(575b) Knowledge-Informed Data-Driven Modeling for Robust Prediction of Microbial Inactivation in Food
AIChE Annual Meeting
2022
2022 Annual Meeting
Topical Conference: Next-Gen Manufacturing
Next-Gen Manufacturing in Pharma, Food, and Bioprocessing II
Wednesday, November 16, 2022 - 3:51pm to 4:12pm
Prevention of the growth of harmful pathogens or spoilers in food products is an important requirement for ensuring food safety and quality. Predictive mathematical models can serve as a useful tool for optimizing microbial inactivation processes in food. A common interest is to identify a functional dependency of the D-value (i.e., the time for a microbial population to shrink to 10% of its initial level) on a variety of potential factors, including temperature, pH, water activity, etc. While polynomial functions are typically used for this purpose, the empirical choice of the terms often results in underfitted or overfitted models that lack accuracy and robustness in predictions. This problem occurs when the model includes fewer terms than required or more terms than needed, requiring a systematic approach to determine optimal model structures by accounting for a trade-off model accuracy vs. complexity. In this work, we apply an advance data-driven approach - termed Sparse Identification of Nonlinear Dynamics (SINDy) - to address this issue. SINDy enables automatic discovery of model equations through a parsimonious selection of appropriate terms from a pre-built library. Through case studies using various literature data, we demonstrate how to systematically develop microbial inactivation models using the data-driven modeling approach and how to improve model accuracy by choosing appropriate functional forms of basic input and output variables by leveraging expertsâ knowledge (i.e., based on the analysis of associated mechanistic models here). Beyond enhanced quantitative data fit, we generalize the workflow to systematically identify models without assuming a priori model structure and robust stepwise model tuning through a balanced compromise between accuracy and complexity as gauged by the Akaike information criterion.
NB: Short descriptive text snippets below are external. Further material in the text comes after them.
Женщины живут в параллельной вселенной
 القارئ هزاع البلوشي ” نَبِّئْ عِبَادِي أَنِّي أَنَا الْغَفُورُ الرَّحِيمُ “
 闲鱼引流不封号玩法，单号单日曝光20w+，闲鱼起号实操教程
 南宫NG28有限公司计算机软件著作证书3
We also integrate global sensitivity analysis with the optimized model to evaluate the impacts of individual factors (and their interactions thereof) on microbial inactivation. Beyond significantly facilitating the model building process for optimizing, the proposed workflow enables systematic identification of individual and combined impacts of key variables/terms on the target variable (i.e., D-value).